WHAT YOU NEED TO DO ::
Find every line below where the string "tile" shows up, and copy those lines.

DATA ::
- - - - - - -

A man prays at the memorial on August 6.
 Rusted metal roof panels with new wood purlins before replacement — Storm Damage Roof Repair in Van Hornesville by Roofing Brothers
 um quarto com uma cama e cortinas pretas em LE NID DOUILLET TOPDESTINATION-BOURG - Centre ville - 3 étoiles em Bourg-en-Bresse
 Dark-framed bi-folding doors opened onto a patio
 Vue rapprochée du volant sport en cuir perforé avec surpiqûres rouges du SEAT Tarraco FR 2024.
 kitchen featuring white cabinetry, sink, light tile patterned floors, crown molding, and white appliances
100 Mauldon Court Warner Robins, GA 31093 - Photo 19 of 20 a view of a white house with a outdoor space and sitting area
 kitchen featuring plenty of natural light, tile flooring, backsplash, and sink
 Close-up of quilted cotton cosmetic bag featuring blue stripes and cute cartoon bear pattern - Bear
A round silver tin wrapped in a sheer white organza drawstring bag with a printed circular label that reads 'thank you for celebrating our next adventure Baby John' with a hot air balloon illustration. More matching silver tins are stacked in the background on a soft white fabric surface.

- - - - - - -

WRITTEN SOLUTION ::
 kitchen featuring white cabinetry, sink, light tile patterned floors, crown molding, and white appliances
 kitchen featuring plenty of natural light, tile flooring, backsplash, and sink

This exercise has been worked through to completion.